On Thu, Jul 22, 2004 at 02:36:46AM +1000, Matthew Palmer wrote:
> > It could very easily be argued that by forcing distribution to an upstream
> > author that they will possibly release the code to the public where the
> > downstream recipient may choose to keep such code private.
> And it could work the other way.  Hell, in a licence under current
> discussion, there's an explicit licence term to allow upstream to sell my
> changes under a different licence of their choosing.  That seems like it's
> quite useful for an upstream who wanted to take my modifications private...

The it seems that we've reached an impasse at this level of detail, since it
could well be argued that forced distribution upstream can impede or enhance
free software and freedom in general. As such, you can't say that forced
upstream distribution is inherently non-free.

> > It's fairly unlikely that the cost of distributing changes to the original
> > author will be that significant.

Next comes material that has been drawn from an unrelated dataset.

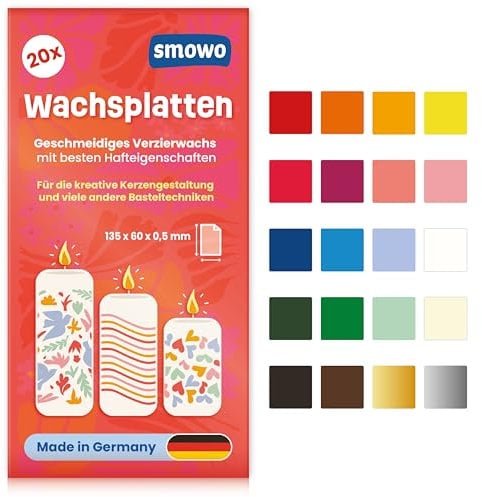 Smowo® 20 Wachsplatten zum Verzieren und Gestalten von Kerzen - Ideal für Kommunion, Taufe und Basteln - Kerzenwachs Platten Set für DIY Kerzenkunst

Desert island and other corner case scenarios
> > aside that is.
> A couple of years in prison isn't that costly?  Because that's what I'd
> imagine you'd be facing for unauthorised export to an embargoed country.

I consider this a corner case, and honestly not an issue that Debian should be
concerned with, since we can't cover every corner case nor be responsible for
how countries choose to run themselves.

> > But the idea of sending changes downstream also constrains freedoms, just in a
> > different fashion. I think this argument is invalid because while you may have
> > the freedom to associate with only certain people under the GPL, you do not
> > have the freedom to associate with them in exactly the way you want.
> It's a matter of degrees and of resultant benefit.  A recipient with
> binaries but no source has a *lot* less freedom than a recipient with
> binaries and source.  An upstream author without my modifications has only a
> bit less freedom than an upstream with my mods.

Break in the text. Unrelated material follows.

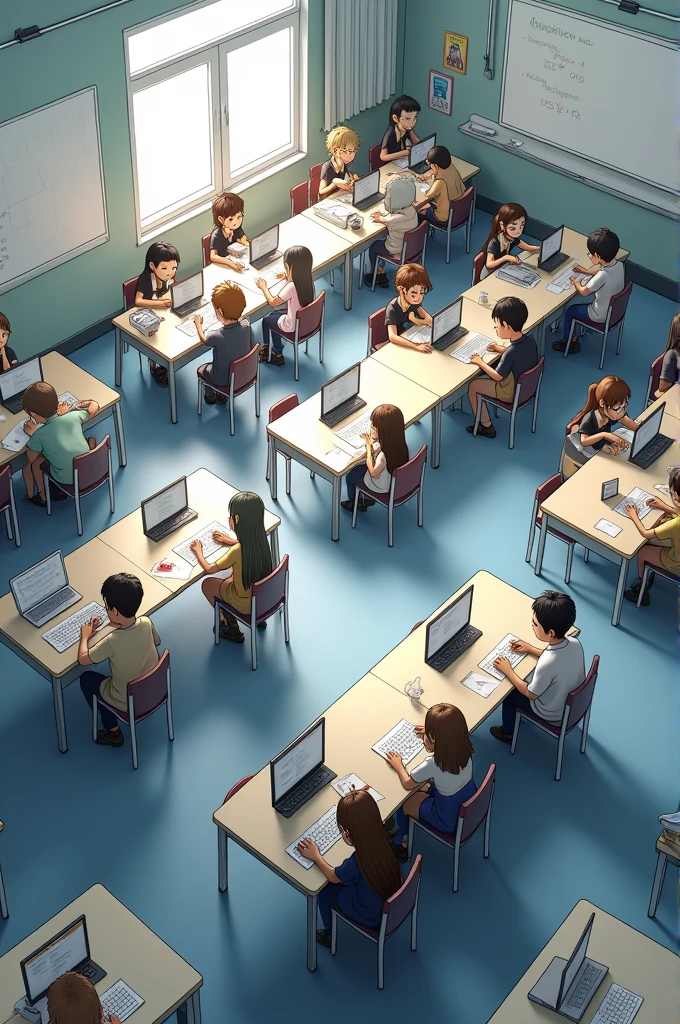Take on the role of an interior designer and create a small computer classroom, that inside it is surrounded with tables and chairs and in the center there is also one, with 25 computers and students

This depends, of course, on the extent of your mods, but on the whole I agree.
However, this distinction does not cause the idea of forcing upstream
distribution to be non-free.

> Furthermore, it is a loss to the community (or people I distribute to, if
> you like) if I do not make the modifications to the software because I would
> be forced to send my modifications upstream.

Much the same as if you won't modify the software because it's GPL instead of
BSD. This doesn't make the requirement non-free.